__What you should do__: Of the material below, only the lines from the line containing "W721844S450B - Body: Rear" down to the line containing "Urth Sac à dos Norite 24L (vert)" belong in the answer, written out exactly.

---- Data extracts

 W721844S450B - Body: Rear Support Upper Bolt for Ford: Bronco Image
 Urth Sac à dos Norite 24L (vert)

--------
---- Data extracts

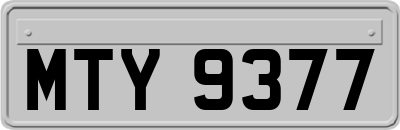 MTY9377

--------
---- Data extracts

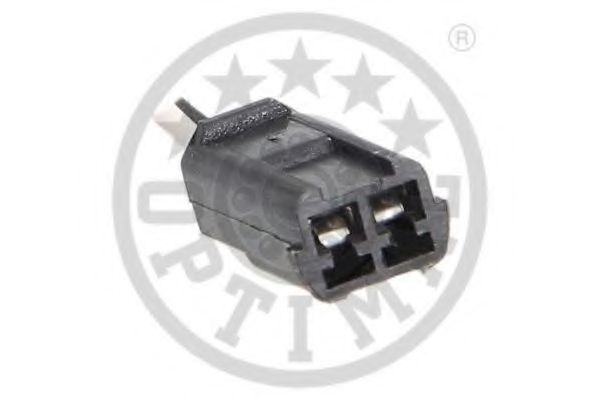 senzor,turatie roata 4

--------

__Answer area__:
 W721844S450B - Body: Rear Support Upper Bolt for Ford: Bronco Image
 Urth Sac à dos Norite 24L (vert)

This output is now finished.